Rimanendo in ambito Csm,  qual è il suo giudizio sulla polemica sollevata da Nino Di Matteo con Bonafede per non essere stato nominato capo del Dap?

 

Entrambi hanno sostenuto qualcosa che è in fortissima contraddizione, o meglio opposizione: se vera una, l’altra no; se fosse vero quello che dice Di Matteo, il minimo sarebbero le dimissioni di Bonafede. E viceversa. Entrambi hanno compiuto qualcosa che in altri tempi sarebbe stata ritenuta gravissima e sanzionata da severe conseguenze.

 

E tutto è avvenuto in uno show televisivo.

 

Ormai si stempera tutto. Giletti, che crede di aver avuto il merito di avere messo a fuoco questa vicenda, ha contribuito invece a renderla soltanto un fatto del grande cortile che è la televisione.

 

A proposito di stampa, Giovanni Fiandaca commentando la sua assoluzione scrisse di 'relazione incestuosa tra buona parte dei media e gli uffici di procura'.  Secondo Lei c'è stata e c'è ancora una sorta di trattativa tra stampa e pm?

 

C'è un circuito regolare: ci sono carriere di magistrati che si spiegano con le carriere dei giornalisti.

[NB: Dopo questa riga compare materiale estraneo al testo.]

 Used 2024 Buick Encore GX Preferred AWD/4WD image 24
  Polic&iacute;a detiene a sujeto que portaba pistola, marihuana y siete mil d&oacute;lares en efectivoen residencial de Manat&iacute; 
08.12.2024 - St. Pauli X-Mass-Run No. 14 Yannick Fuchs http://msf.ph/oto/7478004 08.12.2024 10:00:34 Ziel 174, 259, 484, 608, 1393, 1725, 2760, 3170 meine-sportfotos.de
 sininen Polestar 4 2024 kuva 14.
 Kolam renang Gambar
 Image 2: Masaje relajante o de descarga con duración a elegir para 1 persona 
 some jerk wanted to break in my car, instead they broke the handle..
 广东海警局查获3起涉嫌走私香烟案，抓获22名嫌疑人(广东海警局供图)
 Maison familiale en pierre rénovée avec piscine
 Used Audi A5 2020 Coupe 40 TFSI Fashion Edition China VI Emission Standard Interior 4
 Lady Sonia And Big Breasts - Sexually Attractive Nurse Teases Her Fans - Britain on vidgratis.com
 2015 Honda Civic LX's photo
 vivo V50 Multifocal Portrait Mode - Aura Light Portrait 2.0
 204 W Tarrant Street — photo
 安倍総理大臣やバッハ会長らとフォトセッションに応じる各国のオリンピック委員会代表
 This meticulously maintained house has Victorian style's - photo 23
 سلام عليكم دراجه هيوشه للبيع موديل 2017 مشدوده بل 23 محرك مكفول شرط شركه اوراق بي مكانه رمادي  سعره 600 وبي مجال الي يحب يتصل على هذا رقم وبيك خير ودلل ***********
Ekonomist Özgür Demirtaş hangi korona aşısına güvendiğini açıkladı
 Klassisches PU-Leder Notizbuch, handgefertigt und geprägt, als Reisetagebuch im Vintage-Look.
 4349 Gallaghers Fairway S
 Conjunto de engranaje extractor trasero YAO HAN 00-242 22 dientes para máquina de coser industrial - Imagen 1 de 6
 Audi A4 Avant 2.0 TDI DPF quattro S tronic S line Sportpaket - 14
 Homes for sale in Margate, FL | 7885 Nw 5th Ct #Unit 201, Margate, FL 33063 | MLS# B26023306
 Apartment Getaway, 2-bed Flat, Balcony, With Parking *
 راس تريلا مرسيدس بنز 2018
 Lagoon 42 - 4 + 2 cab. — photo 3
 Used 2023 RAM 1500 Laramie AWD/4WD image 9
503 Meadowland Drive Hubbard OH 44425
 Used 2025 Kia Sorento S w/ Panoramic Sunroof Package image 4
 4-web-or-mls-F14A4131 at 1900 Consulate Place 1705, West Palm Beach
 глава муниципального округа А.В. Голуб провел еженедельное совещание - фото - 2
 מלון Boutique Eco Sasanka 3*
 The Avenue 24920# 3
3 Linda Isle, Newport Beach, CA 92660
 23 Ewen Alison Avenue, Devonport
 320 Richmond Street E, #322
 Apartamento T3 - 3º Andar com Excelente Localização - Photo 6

E viceversa. Ci sono quotidiani che hanno assunto ormai il ruolo e la funzione di organo portavoce di questa o quella Procura. O comunque di quelle Procure della Repubblica che rientrano dentro un determinato circolo, quello caselliano per intenderci.

 

Le sue assoluzioni non hanno avuto la stessa eco mediatica delle indagini e processi a suo carico.

 

Ormai la stampa italiana ha lasciato soltanto al Riformista il merito di parlare dei fatti giudiziari che non rispondono alla linea pregiudiziale assunta da questi grandi organi di stampa e a quella linea di servizio del circolo giudiziario che menzionavo prima.

 

Cosa Le ha fatto più male in questi 30 anni?

 

La mia vita è stata portata via. I pubblici ministeri di quel circuito mi hanno messo una croce addosso nel 1991  e la porto ancora oggi.